Lire aussi Razmig Keucheyan, « Le suffrage universel, une conquête toujours inachevée », Le Monde diplomatique, avril 2015.
Le cynisme ne date pas d’hier. Mais il était jusqu’alors corrigé par une dose de croyance démocratique. Aujourd’hui il n’y a plus qu’adhésion formaliste et essentiellement utilitaire au système représentatif. Or la démocratie n’est certainement jamais plus vivante que lorsqu’elle est contestée. Qui pour la contester aujourd’hui ? Elle n’a jamais été aussi atone, pour ne pas dire délaissée.
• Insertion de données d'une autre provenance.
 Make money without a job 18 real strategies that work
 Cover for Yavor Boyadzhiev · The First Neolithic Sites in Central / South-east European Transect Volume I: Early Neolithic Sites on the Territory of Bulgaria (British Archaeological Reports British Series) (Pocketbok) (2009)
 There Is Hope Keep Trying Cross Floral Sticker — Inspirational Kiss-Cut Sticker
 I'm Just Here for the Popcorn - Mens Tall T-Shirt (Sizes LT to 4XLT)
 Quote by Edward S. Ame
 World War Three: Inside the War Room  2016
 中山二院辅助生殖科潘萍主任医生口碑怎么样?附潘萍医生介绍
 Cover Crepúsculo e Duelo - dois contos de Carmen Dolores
La menace qui se précise est bien celle de l’indifférence — indifférence au peuple comme objet au nom duquel on parle et pour lequel on est censé agir : cécité curieuse des professionnels de la politique étrangement atteints d’un mal pernicieux, une sorte d’algoataraxie, une insensibilité à autrui, ici aux citoyens. On reste étonné par exemple de l’incompréhension de certains dirigeants politiques devant leur propre impopularité. La farce traduit donc l’impression laissée par un système politique réduit à une mécanique dont le sens a été perdu. Que les citoyens se laissent aller à l’indifférence démocratique par colère est une chose, que des dirigeants le fassent par intérêt en est une autre.